Edificar sobre arena
Pero el necio no logra mantener su vivienda sólida porque ha construido sobre la arena de la indiferencia, las ideologías y el orgullo de la vanagloria. Lo que se construye poniendo únicamente al hombre como fundamento acabará por destruirse, porque la falta de la dimensión trascendente hará que en su vida nada se aguante. Aquel que construye sobre arena ha caído en la ideología del relativismo —todo vale, nada es absoluto, todo es efímero—. ¿Cómo puede sostenerse algo sobre este fundamento?
Ahora nos preocupamos porque vemos a mucha gente alejada de la Iglesia, y es natural; hemos de hacer lo posible por acercarla y darle un motivo de esperanza. Pero no hemos de olvidar que los que estamos y seguimos dentro de la Iglesia hemos de procurar que nuestros cimientos nunca se debiliten. La comunión, el amor y la fidelidad forman la argamasa que consolida nuestra fe en Dios y en la Iglesia. Nadie se enfría si realmente está unido a Cristo.
No caigamos en la vanagloria
Queremos hacer muchas cosas buenas y a veces caemos en el hiperactivismo, incluso pastoral. “En tu nombre hemos hecho muchos milagros”, claman los hombres de la parábola evangélica. Quizás, inconscientemente, nos motivan el orgullo y la vanidad y toda esa proyección es nuestra obra antes que la obra de Dios. Por eso Jesús dice: “No os conozco”.
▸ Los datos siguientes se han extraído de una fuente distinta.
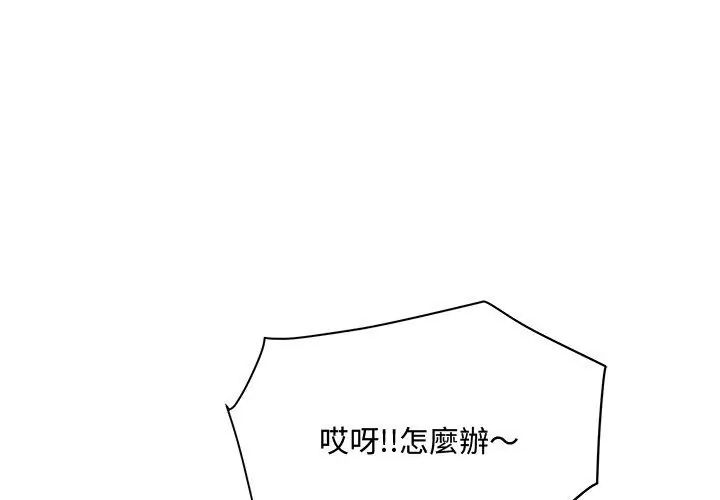 小喫攤的火辣老闆娘第2話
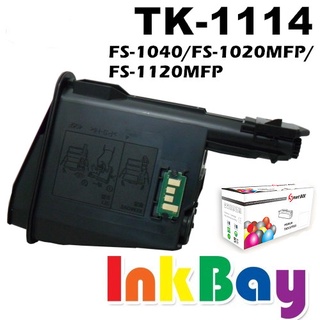 KYOCERA TK-1114 TK1114 全新副廠碳粉匣【適用】FS-1040/FS1020 MFP/FS1120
No olvidemos nunca que lo más importante es entrar en esa esfera íntima con Dios a través de la oración y la comunión con la Iglesia. Nuestra oración tal vez está llena de nuestra voz, pero nos falta escuchar más. Orar es un diálogo íntimo con el amigo que ocupa nuestro corazón. Sabemos dirigirnos a Dios y sincerarnos con él, pero… ¿sabemos escucharle? ¿Sabremos oír lo que él quiere para nosotros? Y si lo escuchamos, ¿sabremos acoger su mensaje? A eso se refiere Jesús cuando dice que se salvará “aquel que cumple la voluntad de mi Padre”.
Lo importante no es sólo lo que hacemos, sino lo que dejamos que Dios haga en nosotros. Sólo abandonados totalmente en Dios la fe de nuestra vida se mantendrá firme.